I titled this exhibition "Monsters and Stuff" both to create a conceptual backdrop, and to keep it open-ended. From a figurative standpoint, "monsters" represents the abnormal, which is open-ended, whereas "and stuff" states an unresolved conclusion.
We desire resolve.
—Tom Friedman
Empiricist, alchemist, sage, and prankster, Friedman invents startling works of art by taking very ordinary materials - paper, wire, cardboard, plastic cups, pencils, foam core, glitter, Styrofoam - and transforming them using highly specific processes. Whether constructing or deconstructing the object, either on a microscopic or macroscopic level, he meditates on all manner of material existence from dust bunnies to the cosmos, from the idea of nothing to the idea of everything.

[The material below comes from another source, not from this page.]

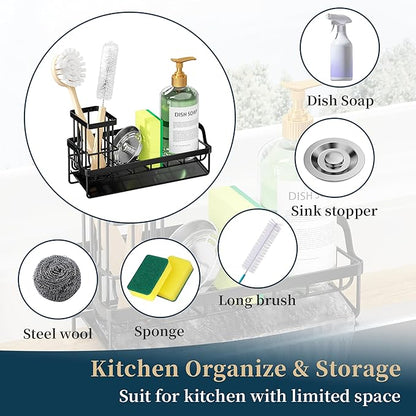 Consumest Sponge Holder for Kitchen Sink - Sink Caddy with Stainless Steel Self Drain Tray, Sink Organizer with High Brush Holder Countertop for Kitchen Sink Accessories, Black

In recent years Friedman has expanded his focus to consider both the structure of information and the effects of excessive information on human consciousness. A technical virtuoso, he works on an intricate scale with obsessive attention to detail. His oeuvre reveals five constant elements: the material, the process of altering the material; the form that it takes; its representation; and, finally, the logic that connects these first four elements together, which often appear as diverse ideas and forms. Quirky, humorous and endearing, his mutations and transformations of base material, hovering as they do at the limits of the visible, beg the defining questions of existence itself: What is it? How is it made? Why is it like this? Where did it come from? Why is it here?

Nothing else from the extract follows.